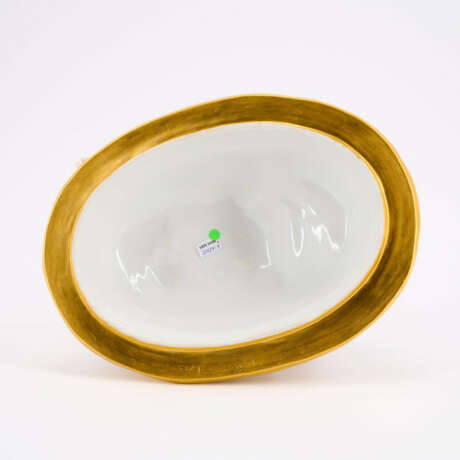 PORCELAIN TUREEN WITH DECOR OF THE SWAN SERVICE WITH THE FIGURINES OF ACIS AND GALATEA - фото 3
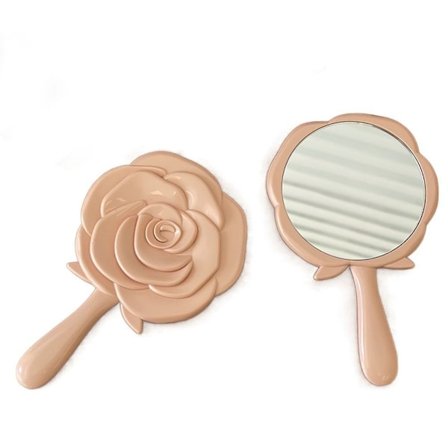 Bärbar spegelsminkglas Handhållet glas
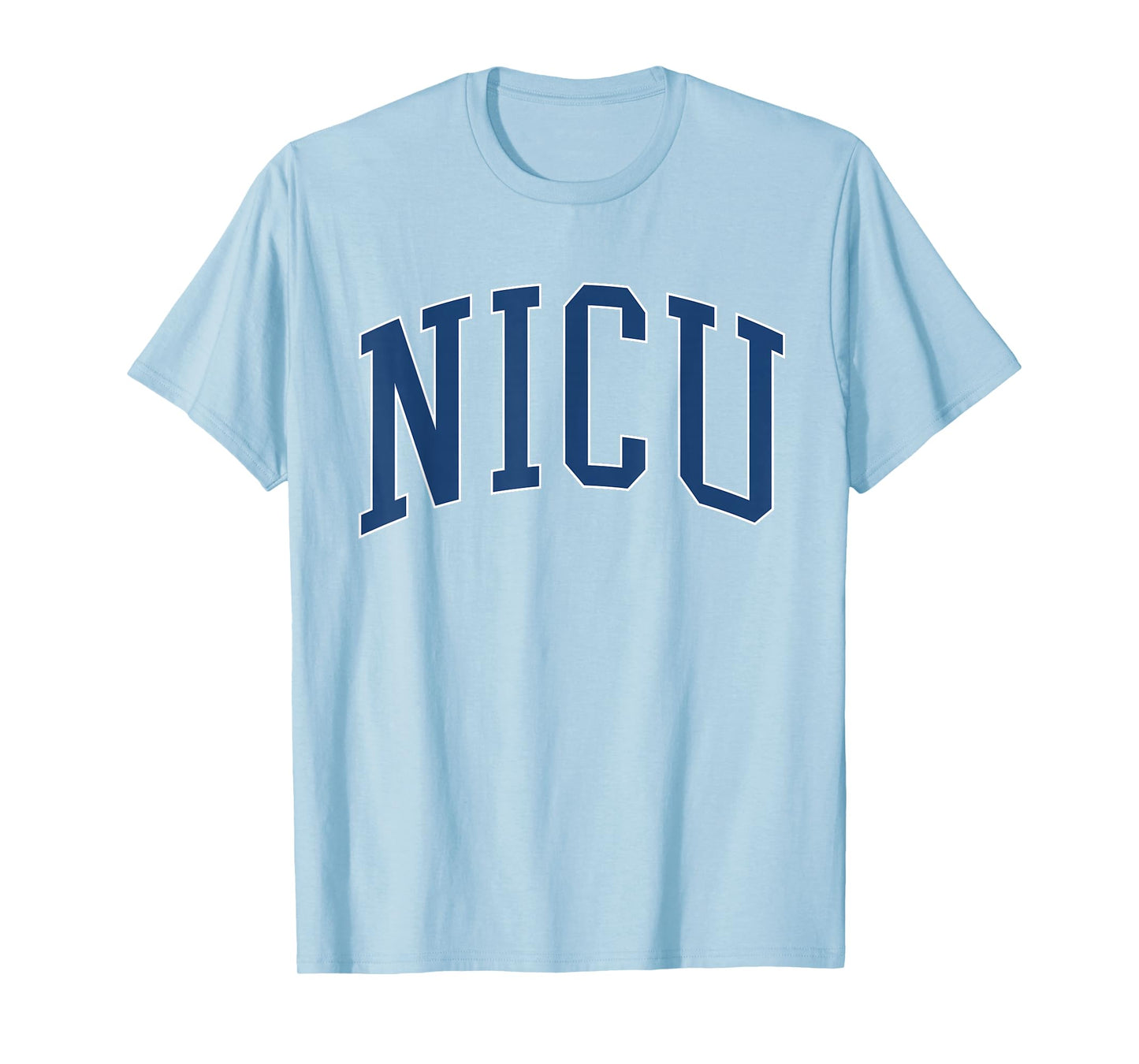 NICU Nurse Vintage Collegiate Blue T-Shirt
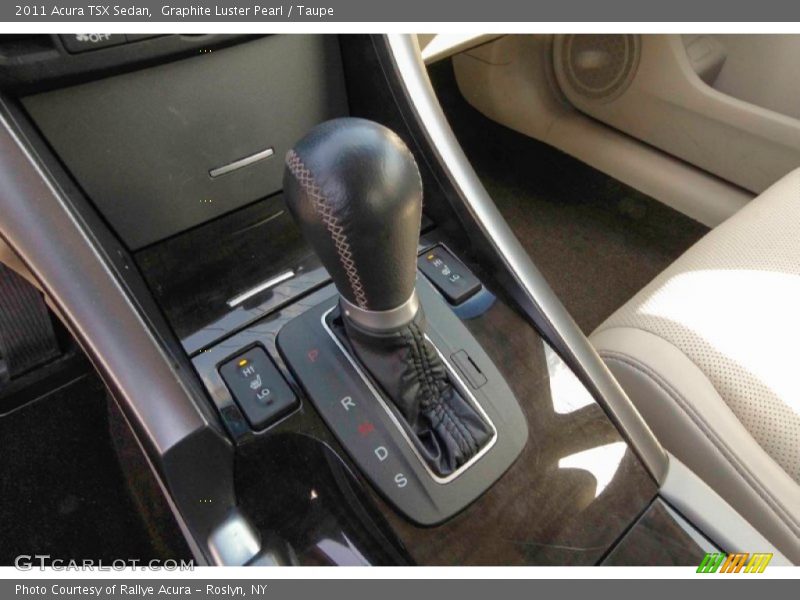 Graphite Luster Pearl / Taupe 2011 Acura TSX Sedan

» **Activity**: Restate all of the material above word for word, excluding the pictures.

» **Task response**:
 PORCELAIN TUREEN WITH DECOR OF THE SWAN SERVICE WITH THE FIGURINES OF ACIS AND GALATEA - фото 3
 Bärbar spegelsminkglas Handhållet glas
 NICU Nurse Vintage Collegiate Blue T-Shirt
 Graphite Luster Pearl / Taupe 2011 Acura TSX Sedan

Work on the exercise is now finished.